I wrote here about the New York Times’ interminable–the first in a series, too!–but entirely bogus effort to portray veterans returning from Iraq and Afghanistan as traumatized killers. A team of Times reporters did extensive “research,” the methodology of which was never described, and found 121 cases in which a veteran of one of those theaters of war was accused of some form of homicide (including vehicular). The paper made no effort at any kind of statistical analysis, but merely reported that number as if it were somehow significant, and followed up with a few anecdotes and generalizations about how war is brutalizing–going all the way back, in fact, to Odysseus. How’s that for evidence?
As we and others easily showed, the Times’ total of 121 alleged homicides was a very low number, culled over a six-year period. If taken seriously as competent research, it supports a conclusion that veterans who have served in Afghanistan and Iraq are much less likely than other young men and women to commit homicide.
In Fayetteville, North Carolina, the local paper was intrigued by the Times’ claims and decided to check its own archives for evidence. Fayetteville, located near Fort Bragg, home to the 82nd Airborne and special operations units, is an excellent place to conduct the experiment; few localities, if any, have been home to as many soldiers returning from Afghanistan and Iraq.
The Fayetteville Observer checked its own archives, with predictable results:

Twelve Fort Bragg soldiers have been accused of killing 13 people in the six-plus years since Sept. 11, 2001, according to Observer records. In the six years before the terrorist attacks, 16 Fort Bragg soldiers were accused of killing 18 people.

There you have it: wartime and peacetime yield the same low homicide rates for soldiers. In reporting these findings, the Observer referred to the claim made by the New York Times that reported instances of alleged homicide involving a veteran increased by 89% in the period 2001-2007 compared with the six-year period preceding the war in Afghanistan. That claim, insofar as it related to Fort Bragg personnel, was refuted by the Observer’s research.
In my post, I didn’t even mention the 89% figure because I thought it was so silly. Obviously, the attention now being paid to soldiers and to combat veterans is far greater than it was before the Afghanistan and, especially, Iraq wars. Newspapers now are correspondingly more likely to mention the fact that a person accused of homicide is a combat veteran. The Times article itself illustrates the point perfectly: the paper’s reporters and editors are eager to sell the idea that veterans of Iraq or Afghanistan are likely to be combat-stress-crazed, and prone to violence, in a way that would not have occurred to them or any other newspaper when writing about the peacetime armed forces prior to 2001.

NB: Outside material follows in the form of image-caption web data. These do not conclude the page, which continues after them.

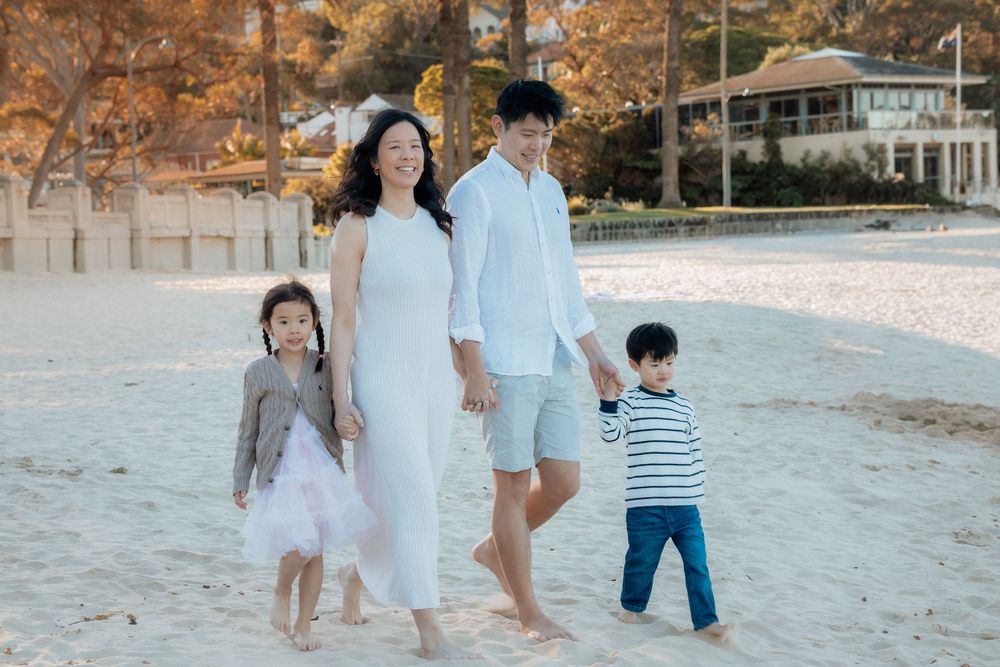 Family of four walking on sandy beach, parents holding children's hands, wearing white outfits, trees and building in background.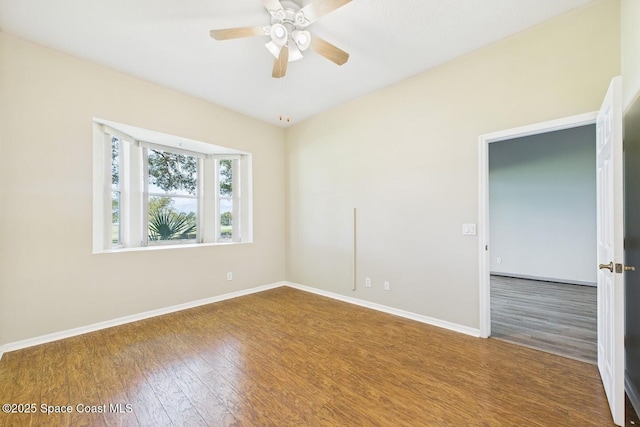 1720 Minutemen Cswy Unit 3, Cocoa Beach, FL 32931 - spare room featuring wood finished floors and a ceiling fan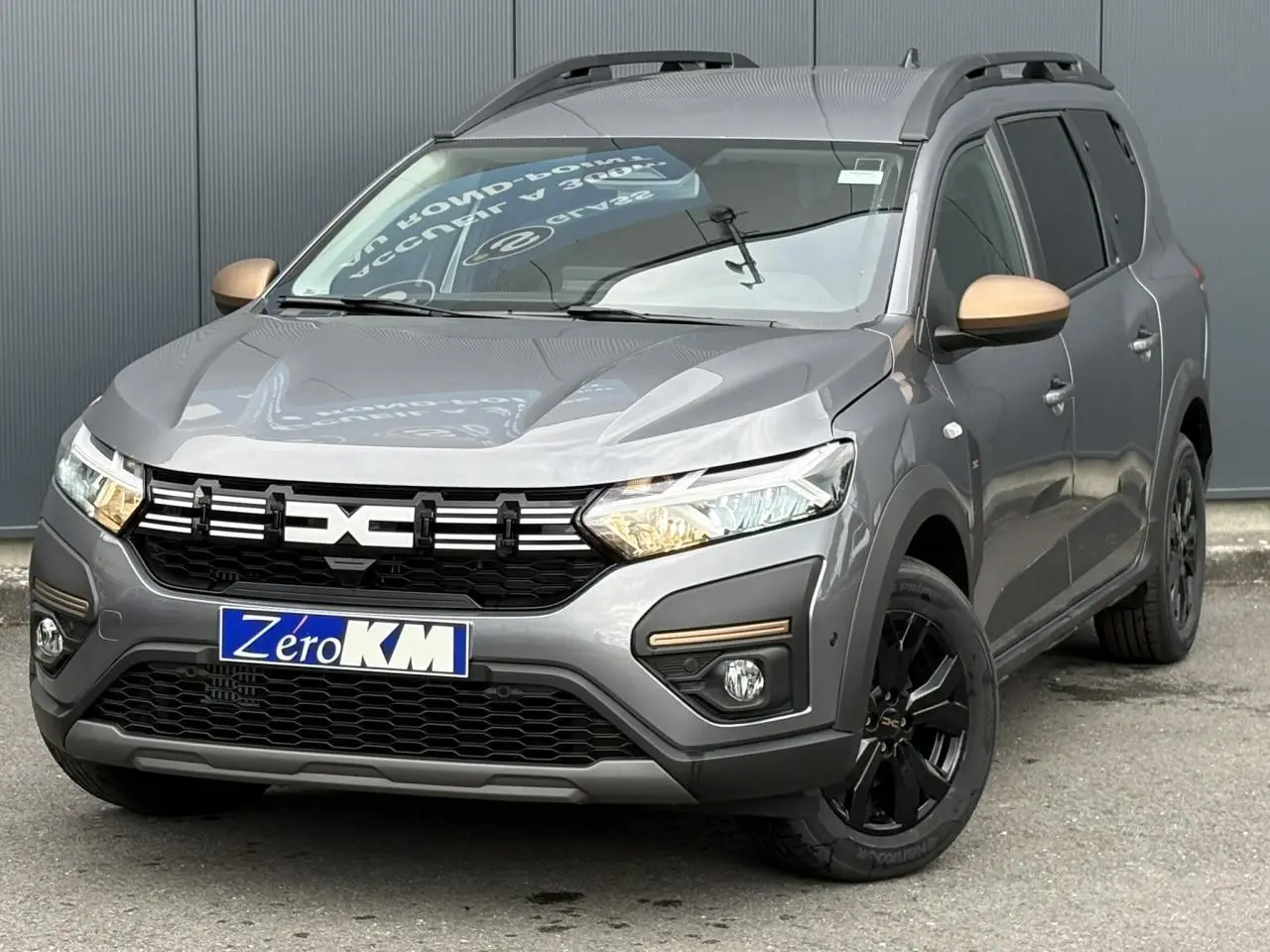 Vue 3/4 avant droite du Dacia Jogger Gris Schiste avec jantes noires et rétroviseurs couleur bronze.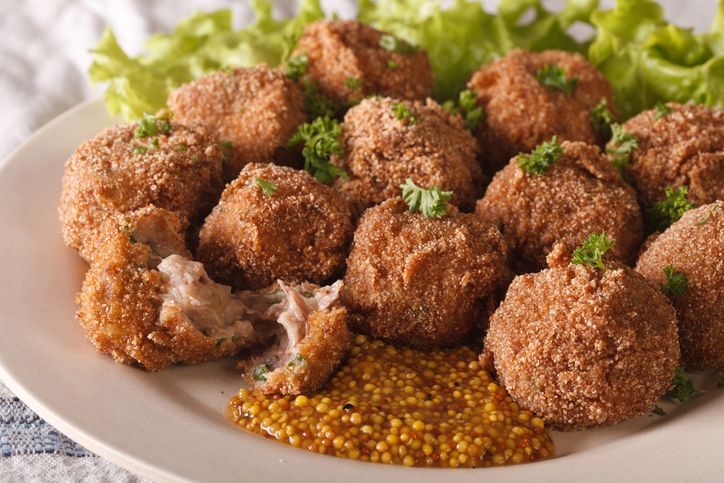 Dutch meat balls with mustard Bitterballen close-up on a plate on the table. horizontal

This factor could easily account for the 89% figure, but I’m pretty sure there is more going on. The Times was completely silent as to its methodology, which in itself refutes any pretension to scientific method. But does anyone think that the Times dispatched reporters to small towns all across America, hunting through old microfiche records for references to veterans? I don’t. I’d bet that all or substantially all of the Times’ research was done on the internet, by googling combinations of words like “veteran,” “soldier,” “Iraq,” “murder,” and so on. A reader with time on his hands could probably duplicate the Times’ research and come up with their 121 instances in a couple of hours.
There are obviously two biases at work here. The first is the general rule that it is easier to get information on more recent events than less recent events. If you set out to learn about one set of events that happened from 2001 to 2007, and a second set of events that happened from 1995 to 2001, other things being equal, it will be easier to find information on the later ones. This bias is greatly accentuated on the web. The farther back you go in time–back into the dim mists of the 1990s–the less information you will find available in newspaper archives. Some go way back, others don’t.
Taking all these factors into account, it is remarkable that the Times found only an 89% increase in stories mentioning that a person accused of homicide was a veteran. The Fayetteville Observer’s simple comparison illustrates how far afield the Times was led by its bias against the armed forces and against the Afghanistan and Iraq wars.